Correspondance de Voltaire/1765/Lettre 6096
Mon très-cher et vrai philosophe, je m’intéresse pour le moins autant à votre bien-être qu’à votre gloire : car, après tout, le vivre dans l’idée d’autrui ne vaut pas le vivre à l’aise. Je me flatte qu’on vous a enfin restitué votre pension, qui est de droit ; c’était vous voler que de ne vous la pas donner. Il y a des injustices dont on rougit bientôt : celle qu’on faisait à la famille des Calas de s’opposer au débit de son estampe[1] était encore un vol manifeste. Une telle démarche a bien surpris les pays étrangers. Je voudrais que tout homme public, quand il est près de faire une grosse sottise, se dît toujours à lui-même : L’Europe te regarde.
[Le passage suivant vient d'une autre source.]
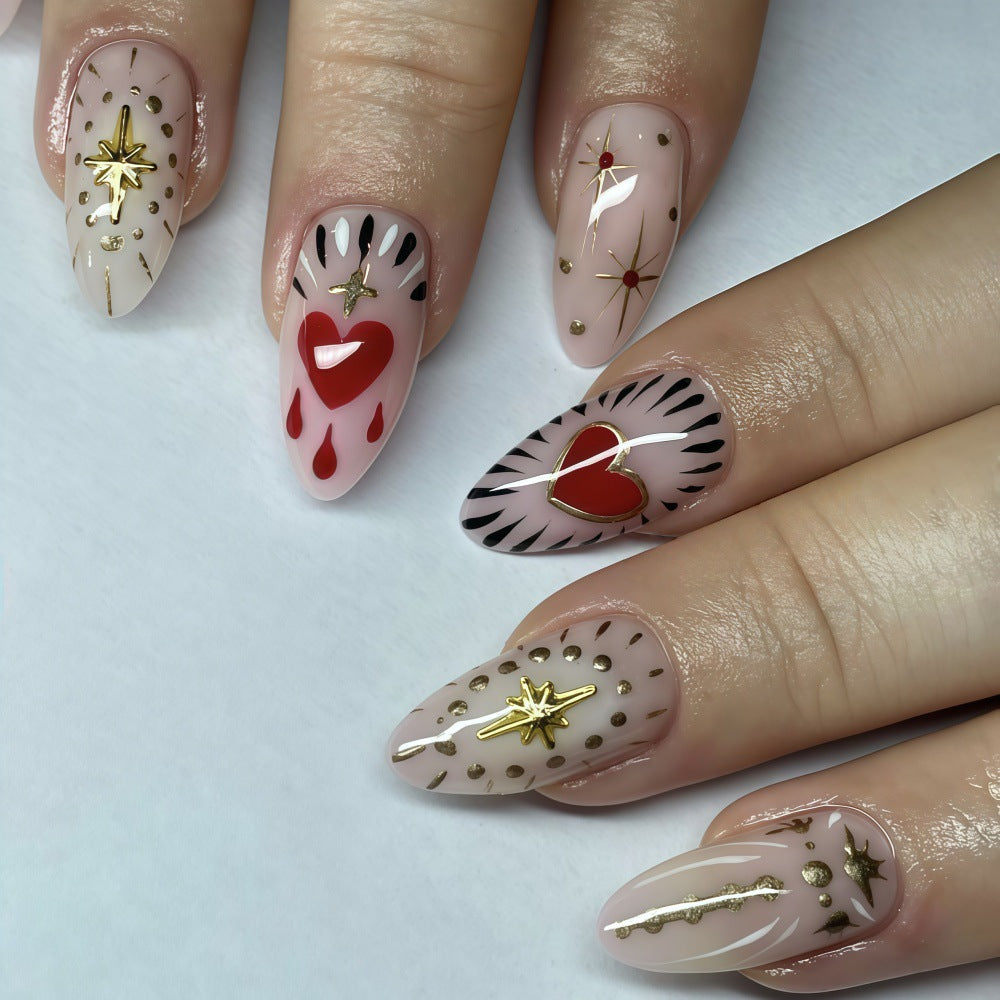 Kunstnägel mit Glitzer- und Herzenverzierung Brehn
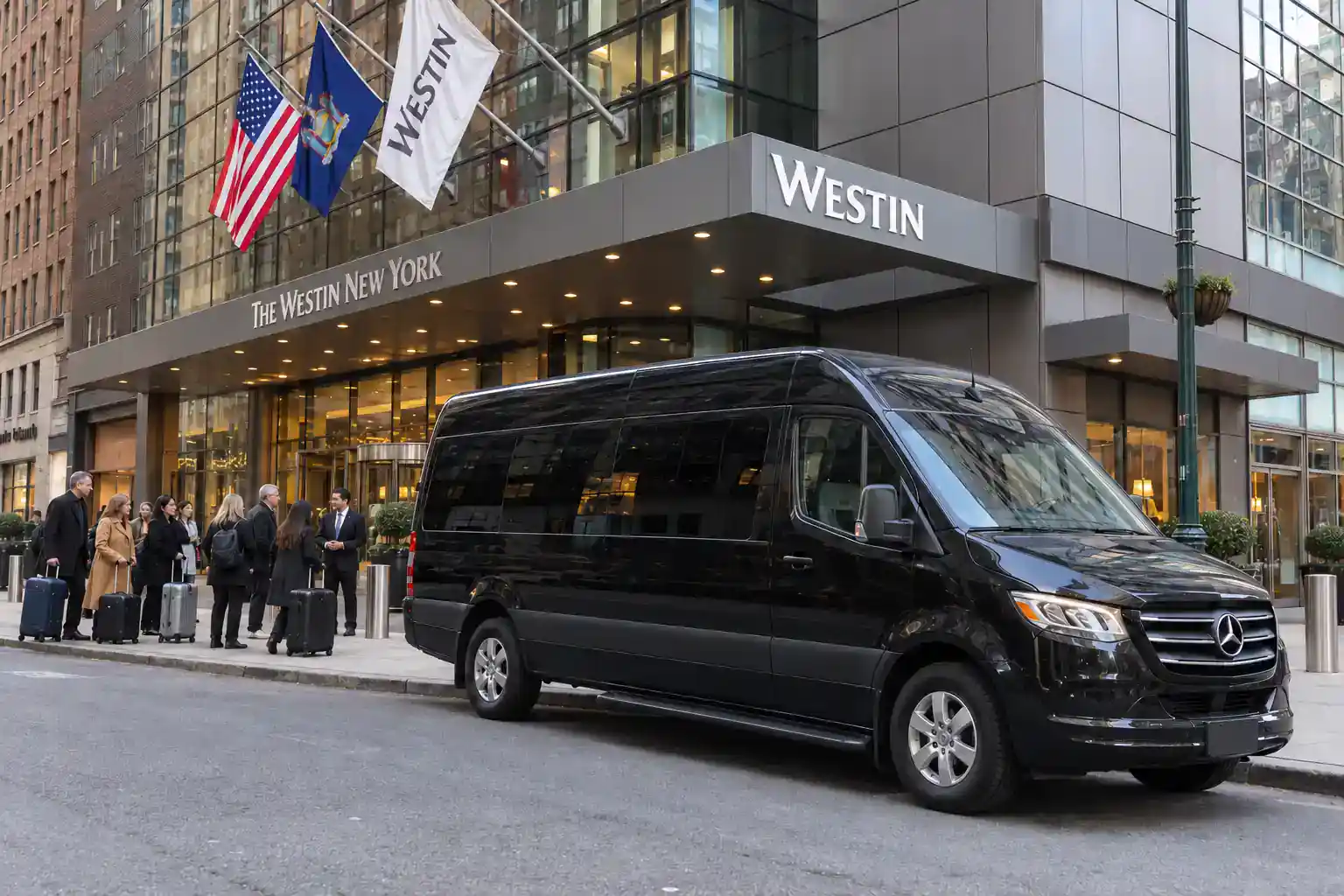 JFK to Times Square: How Far It Is, What It Costs and the Best Way There (2026) 6 Group of travelers arriving from JFK by black Sprinter van at a hotel near Times Square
Mlle Clairon a été reçue chez nous comme si Rousseau n’avait pas écrit contre les spectacles. Les excommunications de ce père de l’Église n’ont eu aucune influence à Ferney. Il eût été à désirer pour l’honneur de ce saint homme, si honnête et si conséquent, qu’il n’eût pas déclaré, écrit, et signé par-devant un nommé Montmolin, son curé huguenot : « Qu’il ne demandait la communion que dans le ferme dessein d’écrire contre le livre abominable d’Helvétius. » Vous voyez bien[2] que ce n’est pas assez pour Jean-Jacques de se repentir ; il pousse la vertu jusqu’à dénoncer ses complices, et à poursuivre ses bienfaiteurs : car, s’il avait renvoyé quelques louis à M. le duc d’Orléans, il en avait reçu plusieurs d’Helvétius. C’est assurément le comble de la vertu chrétienne de se déshonorer et d’être un coquin pour faire son salut.
Ce sont de tels philosophes qui ont rendu la philosophie odieuse et méprisable à la cour. C’est parce que Jean-Jacques a encore des partisans que les véritables philosophes ont des ennemis. On est indigné de voir dans le dictionnaire encyclopédique[3] une apostrophe à ce misérable comme on en ferait une à un Marc-Antonin. Ce ridicule suffit, avec l’article Femme[4], pour décrier un livre, fût-il en vingt volumes in-folio. Comptez que je ne me suis pas trompé en mandant, il y a longtemps, que Rousseau ferait tort aux gens de bien.
Quand on a donné des éloges à ce polisson, c’était alors qu’on offrait réellement une chandelle au diable.
Croyez, mon cher philosophe, que je ne donnerai jamais à aucun grand seigneur les éloges que j’ai prodigués à Mlle Clairon. Le mérite et la persécution sont mes cordons bleus ; mais aussi vous êtes trop juste pour exiger que je rompe en visière à des personnes à qui j’ai les plus grandes obligations. Faut-il manquer à un homme qui nous a fait du bien, parce qu’il est grand seigneur ? Je suis bien sûr que vous approuverez qu’on estime ou qu’on méprise, qu’on aime ou qu’on haïsse, très-indépendamment des titres. Je vous aimerais, je vous louerais, fussiez-vous pape ; et, tel que vous êtes, je vous préfère à tous les papes, ce qui n’est pas coucher gros ; mais je vous aime et vous révère plus que personne au monde.
- ↑ La gravure de la famille des Calas, faite sur le dessin de Carmontelle, se vendait au profit de cette famille.
- ↑ Voyez la note 2, page 53.
- ↑ Au mot Encyclopédie ; l’article est de Diderot.
- ↑ Par Desmahis ; voyez la note, tome XXVI, page 513.